The cost is $12.95 and they are available for each different state in Australia. Deffinatly worth checking out.

http://www.swivelsoriginal.com/index.php

_n.b. I don't have any association with this company, just want to support an Ozzie inventor._



















Cheers!


----------



## Stevie (Jan 16, 2011)

They have them at BCF in NSW at the counter for silly impulse buyers like me who got one!!! 
I guess handy enough but the sticker on paddle works easier. Used it shore based a few times. Good product.


----------



## Zonbie (Aug 24, 2009)

What is the measuring bit made from? Steel / plastic? Do you reckon it would rust in salt water?


----------



## rino88 (Sep 10, 2011)

Zonbie said:


> What is the measuring bit made from? Steel / plastic? Do you reckon it would rust in salt water?


The bloke at the show said it is nylon coated steel, so it isn't suppose to rust...or rust as fast. Suppose time will show


----------



## Springleaf (Feb 5, 2012)

I have one of those fold out fish rulers but this will probably be a bit better as its more compact, especially when im fishing land based as the ruler doesnt fit in the bag easily.


----------



## Zonbie (Aug 24, 2009)

Cool. Thank-you. Like you said, It seems a good Idea.


----------



## Dodge (Oct 12, 2005)

Springleaf said:


> as the ruler doesnt fit in the bag easily.


Welcome to the forum mate.

An easy measure is a 1m plastic coated fabric tape measure used by dressmakers, and will easily fit in your pocket on the kayak or walking along, my own is years old.

A packet with 2 enclosed is only about $2 at any supermarket and has nothing to rust and seize either.


----------



## sbd (Aug 18, 2006)

Great idea, but they rust. DAMHIKT.

If mark2 doesn't rust, I'd buy another one like a shot.


----------



## kayakone (Dec 7, 2010)

sbd said:


> Great idea, but they rust. DAMHIKT.
> 
> If mark2 doesn't rust, I'd buy another one like a shot.

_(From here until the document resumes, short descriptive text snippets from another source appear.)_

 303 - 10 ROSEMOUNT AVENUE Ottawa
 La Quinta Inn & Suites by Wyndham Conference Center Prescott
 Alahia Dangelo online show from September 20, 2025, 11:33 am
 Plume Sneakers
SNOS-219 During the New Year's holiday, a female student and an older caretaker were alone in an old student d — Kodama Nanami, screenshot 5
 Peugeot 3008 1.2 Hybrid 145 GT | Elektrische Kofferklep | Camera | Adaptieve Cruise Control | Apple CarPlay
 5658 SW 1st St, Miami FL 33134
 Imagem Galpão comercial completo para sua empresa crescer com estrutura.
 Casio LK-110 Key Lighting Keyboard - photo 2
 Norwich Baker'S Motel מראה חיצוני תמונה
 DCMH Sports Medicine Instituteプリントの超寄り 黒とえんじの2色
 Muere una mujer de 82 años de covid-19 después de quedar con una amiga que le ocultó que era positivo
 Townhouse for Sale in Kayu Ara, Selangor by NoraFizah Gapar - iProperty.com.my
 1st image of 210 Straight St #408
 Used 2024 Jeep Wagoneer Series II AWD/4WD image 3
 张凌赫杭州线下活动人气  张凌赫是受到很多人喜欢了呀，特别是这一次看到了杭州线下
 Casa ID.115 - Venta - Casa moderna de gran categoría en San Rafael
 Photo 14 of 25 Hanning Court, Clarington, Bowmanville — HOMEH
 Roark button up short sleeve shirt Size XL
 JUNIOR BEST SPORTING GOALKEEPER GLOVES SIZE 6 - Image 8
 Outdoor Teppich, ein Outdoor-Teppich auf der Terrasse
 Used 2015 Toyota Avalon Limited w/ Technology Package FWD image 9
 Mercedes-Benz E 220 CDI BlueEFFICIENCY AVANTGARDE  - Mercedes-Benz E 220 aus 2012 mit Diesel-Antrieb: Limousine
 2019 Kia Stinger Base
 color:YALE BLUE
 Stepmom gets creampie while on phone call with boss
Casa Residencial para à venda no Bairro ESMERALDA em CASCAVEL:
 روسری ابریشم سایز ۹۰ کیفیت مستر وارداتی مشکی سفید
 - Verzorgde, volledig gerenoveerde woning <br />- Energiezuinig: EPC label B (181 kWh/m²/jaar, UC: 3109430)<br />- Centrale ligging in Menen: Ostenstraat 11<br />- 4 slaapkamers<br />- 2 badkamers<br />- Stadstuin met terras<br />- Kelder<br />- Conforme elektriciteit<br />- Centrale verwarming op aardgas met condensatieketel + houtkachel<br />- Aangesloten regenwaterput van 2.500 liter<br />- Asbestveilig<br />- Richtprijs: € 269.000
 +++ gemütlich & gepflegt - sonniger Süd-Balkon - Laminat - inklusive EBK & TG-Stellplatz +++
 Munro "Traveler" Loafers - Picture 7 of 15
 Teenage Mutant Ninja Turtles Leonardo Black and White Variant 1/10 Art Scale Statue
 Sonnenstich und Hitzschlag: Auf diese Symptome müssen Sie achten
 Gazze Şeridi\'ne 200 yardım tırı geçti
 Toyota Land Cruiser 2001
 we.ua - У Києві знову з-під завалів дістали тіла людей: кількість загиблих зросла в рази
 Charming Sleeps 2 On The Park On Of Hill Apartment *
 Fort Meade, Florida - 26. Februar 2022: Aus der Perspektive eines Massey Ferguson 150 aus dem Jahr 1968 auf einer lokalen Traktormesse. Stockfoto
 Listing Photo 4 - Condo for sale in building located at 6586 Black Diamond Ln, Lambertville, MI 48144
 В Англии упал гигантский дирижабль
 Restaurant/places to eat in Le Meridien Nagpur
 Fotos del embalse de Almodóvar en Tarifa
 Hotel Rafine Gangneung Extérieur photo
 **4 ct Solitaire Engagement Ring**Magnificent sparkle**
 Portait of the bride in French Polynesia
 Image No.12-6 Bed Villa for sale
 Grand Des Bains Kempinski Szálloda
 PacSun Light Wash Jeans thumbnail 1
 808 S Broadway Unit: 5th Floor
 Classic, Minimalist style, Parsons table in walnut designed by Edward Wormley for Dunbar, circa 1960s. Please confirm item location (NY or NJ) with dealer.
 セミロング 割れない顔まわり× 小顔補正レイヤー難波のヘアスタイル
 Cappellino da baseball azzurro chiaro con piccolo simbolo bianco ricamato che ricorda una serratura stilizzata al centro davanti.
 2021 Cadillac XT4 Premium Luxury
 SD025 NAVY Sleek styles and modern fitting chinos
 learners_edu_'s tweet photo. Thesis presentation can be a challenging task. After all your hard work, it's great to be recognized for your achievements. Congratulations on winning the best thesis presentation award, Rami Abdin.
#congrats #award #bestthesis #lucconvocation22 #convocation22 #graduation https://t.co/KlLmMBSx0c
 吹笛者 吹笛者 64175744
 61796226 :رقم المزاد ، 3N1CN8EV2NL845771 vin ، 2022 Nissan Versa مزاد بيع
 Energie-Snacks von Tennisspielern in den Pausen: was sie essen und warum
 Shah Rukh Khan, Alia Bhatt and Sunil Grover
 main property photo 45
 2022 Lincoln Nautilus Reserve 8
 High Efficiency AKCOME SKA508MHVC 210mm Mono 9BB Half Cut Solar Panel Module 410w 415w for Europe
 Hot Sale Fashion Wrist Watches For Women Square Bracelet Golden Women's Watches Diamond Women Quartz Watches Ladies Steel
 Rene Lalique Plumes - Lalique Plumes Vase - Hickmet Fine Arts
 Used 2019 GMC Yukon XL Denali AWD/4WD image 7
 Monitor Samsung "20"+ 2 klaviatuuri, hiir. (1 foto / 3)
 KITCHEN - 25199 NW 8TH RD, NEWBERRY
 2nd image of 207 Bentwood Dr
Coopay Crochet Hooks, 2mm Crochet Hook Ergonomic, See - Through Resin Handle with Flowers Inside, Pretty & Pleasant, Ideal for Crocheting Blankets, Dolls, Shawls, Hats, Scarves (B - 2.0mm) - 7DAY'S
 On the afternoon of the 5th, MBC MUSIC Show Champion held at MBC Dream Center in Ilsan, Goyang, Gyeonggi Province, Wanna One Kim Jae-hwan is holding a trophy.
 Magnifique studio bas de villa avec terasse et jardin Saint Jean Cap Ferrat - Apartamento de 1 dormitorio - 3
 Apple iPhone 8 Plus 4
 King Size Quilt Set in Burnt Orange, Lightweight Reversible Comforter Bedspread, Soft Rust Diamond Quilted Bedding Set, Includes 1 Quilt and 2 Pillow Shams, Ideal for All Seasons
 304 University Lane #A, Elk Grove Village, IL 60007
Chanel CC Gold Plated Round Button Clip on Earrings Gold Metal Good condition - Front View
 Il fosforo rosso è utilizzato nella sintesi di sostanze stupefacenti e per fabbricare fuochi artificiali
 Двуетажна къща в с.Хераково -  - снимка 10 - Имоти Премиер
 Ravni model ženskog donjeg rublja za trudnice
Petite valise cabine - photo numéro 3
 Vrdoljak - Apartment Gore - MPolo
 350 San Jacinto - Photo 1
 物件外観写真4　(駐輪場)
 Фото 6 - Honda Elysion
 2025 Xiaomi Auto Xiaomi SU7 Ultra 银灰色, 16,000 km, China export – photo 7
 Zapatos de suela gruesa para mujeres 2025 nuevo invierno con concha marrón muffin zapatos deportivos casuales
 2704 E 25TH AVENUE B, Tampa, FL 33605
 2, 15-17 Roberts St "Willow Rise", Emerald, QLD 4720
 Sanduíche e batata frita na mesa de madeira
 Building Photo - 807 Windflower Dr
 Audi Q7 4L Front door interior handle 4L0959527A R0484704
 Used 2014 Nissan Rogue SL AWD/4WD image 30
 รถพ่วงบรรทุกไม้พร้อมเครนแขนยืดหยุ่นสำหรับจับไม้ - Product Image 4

Of corse they rust Dave. Marine is the worst environment for corrosion.



Dodge said:


> An easy measure is a 1m plastic coated fabric tape measure used by dressmakers, and will easily fit in your pocket on the kayak or walking along, my own is years old.
> A packet with 2 enclosed is only about $2 at any supermarket and has nothing to rust and seize either.


Thanks Richo. But make it 2m if targeting big fish (availability also via Spotlight). Way to go.

KISS

Trevor


----------



## bildad (Jun 20, 2011)

Was using the ruler for a while but now I take along a plasticy vinyl dressmakers tape. the metal ends rust after awhile so go by another at Crazy's and you are laughing.


----------



## sbd (Aug 18, 2006)

kayakone said:


> sbd said:
> 
> 
> > Great idea, but they rust. DAMHIKT.
> ...


Thanks for explaining that so succinctly Trevor. How does one play the flute?

Perhaps they could consider making mk2 out of palladium, or titanium, or platinum, or gold, or plastic or summat.


----------